We're starting to wrap up Q1, so it's time for another wikistats update. First, a quick reminder:

-----

If you currently use the existing reports, PLEASE give feedback in the section(s) at
https://www.mediawiki.org/wiki/Analytics/Wikistats/DumpReports/Future_per_report

Bonus points for noting what you use, how you use it, and explaining what elements you most appreciate or might want added.

-----

Ok, so this is our list of high level goals, and as we were saying before, we're focusing on taking a vertical slice through 4, 5, and 6 so we can deliver functionality and iterate.

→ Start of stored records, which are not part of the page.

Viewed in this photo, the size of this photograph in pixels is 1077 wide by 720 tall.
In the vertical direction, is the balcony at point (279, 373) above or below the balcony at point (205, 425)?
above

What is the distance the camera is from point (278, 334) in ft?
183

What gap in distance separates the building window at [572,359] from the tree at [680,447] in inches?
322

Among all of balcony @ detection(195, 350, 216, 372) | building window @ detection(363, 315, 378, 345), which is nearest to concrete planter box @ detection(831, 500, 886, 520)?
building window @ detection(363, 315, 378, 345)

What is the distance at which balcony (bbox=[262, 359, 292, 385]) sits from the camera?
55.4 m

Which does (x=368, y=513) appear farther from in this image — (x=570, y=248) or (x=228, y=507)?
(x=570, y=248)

1. [done] Build pipeline to process and analyze pageview data

2. [done] Load pageview data into an API

3. [ ] Sanitize pageview data with more dimensions for public consumption

4. [ ] Build pipeline to process and analyze editing data

5. [ ] Load editing data into an API

6. [ ] Sanitize editing data for public consumption

7. [ ] Design UI to organize dashboards built around new data

8. [ ] Build enough dashboards to replace the main functionality of stats.wikipedia.org

9. [ ] Officially Replace stats.wikipedia.org with (maybe) analytics.wikipedia.org

*. [ ] Bonus: replace dumps generation based on the new data pipelines

So here's the progress since last time by high level goal:

4. We can rebuild most all page and user histories from logging, revision, page, archive, and user mediawiki tables. The scala / spark algorithm scales well and can process english wikipedia in less than an hour. Once history is rebuilt, we want to join it into a denormalized schema. We have an algorithm that works on simplewiki rather quickly, but we're still working on scaling it to work with english wiki. For that reason, our vertical slice this quarter may include only simplewiki. In addition to denormalizing the data to make it very simple for analysts and researchers to work with, we're also computing columns like "this edit was reverted at X timestamp" or "this page was deleted at X timestamp". These will all be available in one flat schema.

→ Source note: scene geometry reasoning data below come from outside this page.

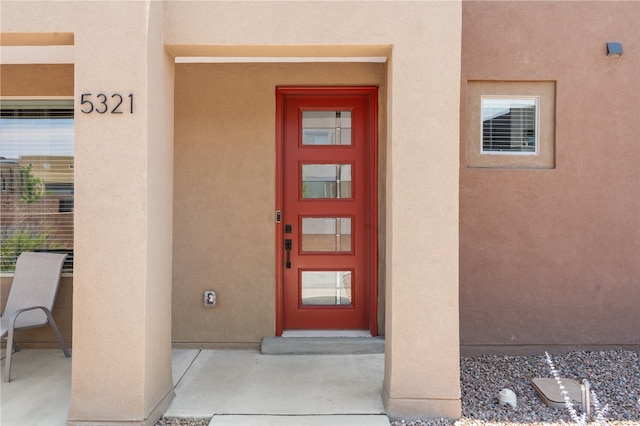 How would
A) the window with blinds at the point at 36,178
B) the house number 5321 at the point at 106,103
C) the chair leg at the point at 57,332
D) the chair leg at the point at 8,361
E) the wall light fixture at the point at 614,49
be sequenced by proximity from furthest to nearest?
the window with blinds at the point at 36,178 < the wall light fixture at the point at 614,49 < the chair leg at the point at 57,332 < the chair leg at the point at 8,361 < the house number 5321 at the point at 106,103

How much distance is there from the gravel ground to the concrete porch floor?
11.2 inches

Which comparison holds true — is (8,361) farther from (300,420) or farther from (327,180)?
(327,180)

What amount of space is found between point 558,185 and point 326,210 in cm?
239

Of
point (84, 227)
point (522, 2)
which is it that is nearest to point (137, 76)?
point (84, 227)

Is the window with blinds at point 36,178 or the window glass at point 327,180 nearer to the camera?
the window with blinds at point 36,178

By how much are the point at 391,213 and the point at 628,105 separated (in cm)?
311

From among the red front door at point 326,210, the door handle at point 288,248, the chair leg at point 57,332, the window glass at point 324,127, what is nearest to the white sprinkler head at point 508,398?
the red front door at point 326,210

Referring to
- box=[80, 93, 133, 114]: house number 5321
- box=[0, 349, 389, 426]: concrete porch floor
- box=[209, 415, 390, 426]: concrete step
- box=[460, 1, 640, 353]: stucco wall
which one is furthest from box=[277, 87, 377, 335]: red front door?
box=[80, 93, 133, 114]: house number 5321

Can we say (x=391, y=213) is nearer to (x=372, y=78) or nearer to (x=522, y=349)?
(x=372, y=78)

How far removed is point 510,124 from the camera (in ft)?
15.3

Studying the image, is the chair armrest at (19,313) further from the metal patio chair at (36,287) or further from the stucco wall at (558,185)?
the stucco wall at (558,185)

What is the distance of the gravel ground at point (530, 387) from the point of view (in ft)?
10.6

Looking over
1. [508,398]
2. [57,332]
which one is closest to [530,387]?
[508,398]

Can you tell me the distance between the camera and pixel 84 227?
3.04 m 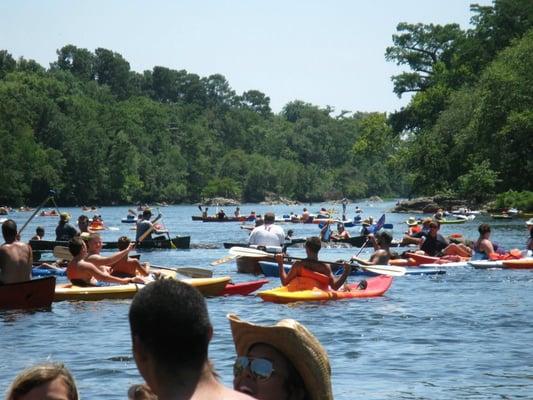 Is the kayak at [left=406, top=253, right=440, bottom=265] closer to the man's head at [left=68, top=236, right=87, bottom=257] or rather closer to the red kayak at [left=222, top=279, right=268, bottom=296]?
the red kayak at [left=222, top=279, right=268, bottom=296]

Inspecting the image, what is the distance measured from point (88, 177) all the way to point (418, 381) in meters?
105

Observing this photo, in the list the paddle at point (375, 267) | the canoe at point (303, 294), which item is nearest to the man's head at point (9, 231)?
the canoe at point (303, 294)

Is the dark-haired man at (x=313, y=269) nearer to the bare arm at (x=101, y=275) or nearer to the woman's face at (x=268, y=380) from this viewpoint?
the bare arm at (x=101, y=275)

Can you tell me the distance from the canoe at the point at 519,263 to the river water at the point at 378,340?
194cm

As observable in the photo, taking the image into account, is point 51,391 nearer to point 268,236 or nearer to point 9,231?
point 9,231

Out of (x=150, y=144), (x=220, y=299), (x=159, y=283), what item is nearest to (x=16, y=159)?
(x=150, y=144)

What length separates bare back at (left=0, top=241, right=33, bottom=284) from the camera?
1538 cm

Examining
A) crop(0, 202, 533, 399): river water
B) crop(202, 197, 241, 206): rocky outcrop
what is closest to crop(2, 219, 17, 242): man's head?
crop(0, 202, 533, 399): river water

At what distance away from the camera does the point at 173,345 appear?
304 cm

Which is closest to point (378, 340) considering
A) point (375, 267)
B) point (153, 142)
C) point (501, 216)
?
point (375, 267)

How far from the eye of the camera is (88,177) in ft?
376

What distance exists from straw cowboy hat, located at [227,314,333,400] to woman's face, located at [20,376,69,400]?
62cm

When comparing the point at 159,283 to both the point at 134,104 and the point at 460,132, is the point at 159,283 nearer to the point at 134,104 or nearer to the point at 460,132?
the point at 460,132

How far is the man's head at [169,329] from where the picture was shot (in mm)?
3037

5. We loaded the simplewiki data into Druid and put Pivot on top of it. It's fantastically fun, I had to close that tab or I would've lost a day browsing around. For a small db like simplewiki, Druid should have no problem maintaining an updated version of the computed columns mentioned above. (I say updated because "this edit was reverted" is a fact that can change from false to true at some point in the future). We're still not 100% sure whether Druid can do that with the much larger enwiki data, but we're testing that. And we're also testing ClickHouse, another highly performant OLAP big data columnar store, just in case. In short, we can update once a week already, and we're working on seeing how feasible it is to update more often than that.

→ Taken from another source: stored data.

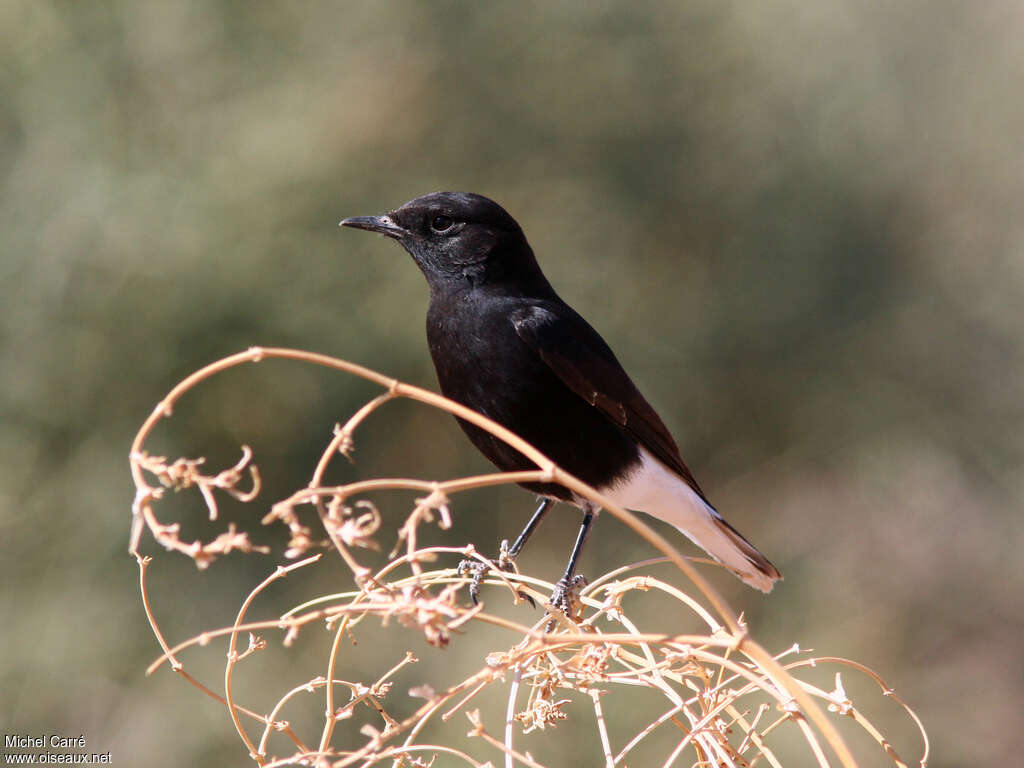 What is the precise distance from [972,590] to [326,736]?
8250 millimetres

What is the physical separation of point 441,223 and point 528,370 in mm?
676

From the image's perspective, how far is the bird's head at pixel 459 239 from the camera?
381 centimetres

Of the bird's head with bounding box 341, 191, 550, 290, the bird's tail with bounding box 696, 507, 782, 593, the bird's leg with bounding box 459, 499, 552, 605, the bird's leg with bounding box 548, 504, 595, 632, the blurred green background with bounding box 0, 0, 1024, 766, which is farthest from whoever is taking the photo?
the blurred green background with bounding box 0, 0, 1024, 766

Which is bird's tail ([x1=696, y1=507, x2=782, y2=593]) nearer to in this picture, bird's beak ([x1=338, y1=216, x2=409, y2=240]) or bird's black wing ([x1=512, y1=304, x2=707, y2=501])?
bird's black wing ([x1=512, y1=304, x2=707, y2=501])

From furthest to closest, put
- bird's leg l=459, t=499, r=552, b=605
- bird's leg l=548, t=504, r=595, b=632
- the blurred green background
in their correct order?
the blurred green background, bird's leg l=548, t=504, r=595, b=632, bird's leg l=459, t=499, r=552, b=605

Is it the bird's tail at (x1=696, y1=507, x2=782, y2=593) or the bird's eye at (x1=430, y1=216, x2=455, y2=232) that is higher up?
the bird's eye at (x1=430, y1=216, x2=455, y2=232)

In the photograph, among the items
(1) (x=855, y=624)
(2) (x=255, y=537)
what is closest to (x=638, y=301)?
(1) (x=855, y=624)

6. We ran into a problem when thinking about sanitizing the data. Our initial idea was to filter out the same columns that are filtered out when data is replicated to labsdb. But we found rows are also filtered and the process for doing that filtering is in need of a lot of love and care. So we may side-track to see if we can help out our fellow DBAs and labs ops in the process, maybe unifying the edit data sanitization.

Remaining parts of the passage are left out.